Journal of Musculoskeletal and Neuronal Interaction
J Musculoskelet Neuronal Interact. 2009 Oct-Dec;9(4):236-46

Abstract OBJECTIVE: To investigate whether athletic participation allows master athletes to preserve their good bone health into old age. METHODS: Bone strength indicators of the tibia and the radius were obtained of master runners and race-walkers (n=300) competing at World and European Master Championships and of 75 sedentary controls, all aged 33-94 yrs. RESULTS: In the tibia, diaphyseal cortical area (Ar.Ct), polar moment of resistance (RPol) and trabecular bone mineral density (vBMD) were generally greater in athletes than controls at all ages. In the athletes, but not the controls, Ar.Ct, RPol (females) and trabecular vBMD were negatively correlated with age (p<0.01). Radius measures were comparable between athlete and control groups at all ages.

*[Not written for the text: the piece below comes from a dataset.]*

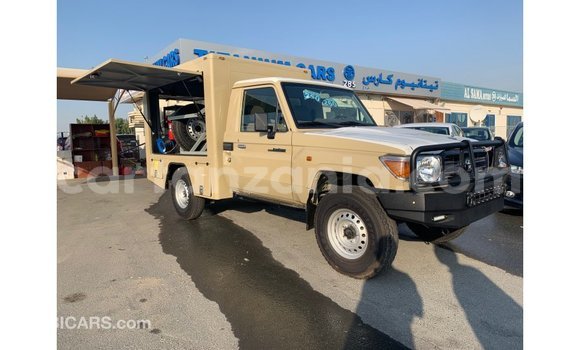Buy Import Toyota Land Cruiser Beige Car in Import - Dubai in Arusha Buy Import Toyota Land Cruiser Beige Car in Import - Dubai in Arusha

The amalgamated data revealed negative correlations of age with Ar.Ct, RPol (females), cortical vBMD and trabecular vBMD (males; p<0.005) and positive correlations with endocortical circumference (p<0.001). CONCLUSION: This cross-sectional study found age-related differences in tibial bone strength indicators of master athletes, but not sedentary controls, thus, groups becoming more similar with advancing age. Age-related differences were noticeable in the radius too, without any obvious group difference. Results are compatible with the notion that bones adapt to exercise-specific forces throughout the human lifespan.